Put treats and more inside the crate. Once you have slowly begun to eliminate the negative association, focus on strengthening the positive association that your dog is slowly beginning to attribute to her dog carrier. For example, take some time to feed her meals inside of her pet travel carrier. Leave it out and keep your eye on her. If you see her slowly make her way into it, reward her with her favorite dog treats! Or make sure to keep some of her favorite toys waiting for her in her carrier. Another tip Mayer recommends is to “have your dog in a crate next to you while you watch a movie, read, or are working on the computer. Remember to give the dog a chew bone or stuffed Kong, and drop treats in occasionally.” It won’t be long before your pooch gets excited for any upcoming pet travel you have planned!

Have dress rehearsals. Now that your dog has begun to replace that negative association with a positive one, the final step is to practice, practice, practice! Before leaving for your trip with your dog, slowly begin to take her on small adventures in her carrier, whether it’s to the park or for some quick errands. By this point, she shouldn’t automatically assume she is going straight to the vet. Although she may still be a little hesitant, continue to give her positive reinforcement to strengthen her understanding that it is a safe place for her. Mayer points out that “dogs should be relaxed before going in and not kept in there for any great lengths of time—unless traveling where this might be the only option. Double-check with the vet to determine the maximum time for your specific dog. Puppies need to be let out more often than older dogs. However, senior dogs might need to relieve themselves more often.”

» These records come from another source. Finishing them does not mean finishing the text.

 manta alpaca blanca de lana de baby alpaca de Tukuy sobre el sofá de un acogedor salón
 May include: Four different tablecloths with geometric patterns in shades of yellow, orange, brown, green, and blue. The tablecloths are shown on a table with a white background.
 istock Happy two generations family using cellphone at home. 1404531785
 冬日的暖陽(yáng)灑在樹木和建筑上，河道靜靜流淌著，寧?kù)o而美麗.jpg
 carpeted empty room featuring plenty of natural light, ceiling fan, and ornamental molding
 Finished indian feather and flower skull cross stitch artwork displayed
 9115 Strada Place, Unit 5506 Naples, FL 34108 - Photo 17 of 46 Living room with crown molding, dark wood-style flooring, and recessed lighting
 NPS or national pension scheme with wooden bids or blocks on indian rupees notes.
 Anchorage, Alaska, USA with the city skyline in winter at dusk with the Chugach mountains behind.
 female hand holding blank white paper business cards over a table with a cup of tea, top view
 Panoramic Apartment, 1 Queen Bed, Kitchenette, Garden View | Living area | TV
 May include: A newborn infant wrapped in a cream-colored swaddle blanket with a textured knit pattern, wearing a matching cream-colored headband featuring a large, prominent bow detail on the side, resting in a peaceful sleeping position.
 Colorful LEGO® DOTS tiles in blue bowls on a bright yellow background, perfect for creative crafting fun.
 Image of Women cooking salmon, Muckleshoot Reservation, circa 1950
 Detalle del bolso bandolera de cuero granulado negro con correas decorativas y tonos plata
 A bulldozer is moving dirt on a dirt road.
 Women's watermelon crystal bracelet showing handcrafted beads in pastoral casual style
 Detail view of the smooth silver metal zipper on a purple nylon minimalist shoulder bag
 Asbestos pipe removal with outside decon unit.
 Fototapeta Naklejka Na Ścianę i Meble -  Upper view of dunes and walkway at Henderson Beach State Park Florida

Once you have rehearsed pet travel and have checked in with your vet, when the day finally arrives for your big trip, it should be easy sailing! Whether you’re flying or driving, be mindful of the time your pup spends inside her dog carrier to avoid any negative associations being relinked to the carrier. Lots of treats and love won’t hurt either! Some additional accessories that might come in handy are the Petmate Airline Travel Kit and VetriScience Composure Behavioral Health Bite-Sized Dog Chews. Whether you need an extra treat to ensure you pup stays calm or simply want to make sure she is as comfortable as possible with food and treats, these products will have you ready to go. Bon voyage!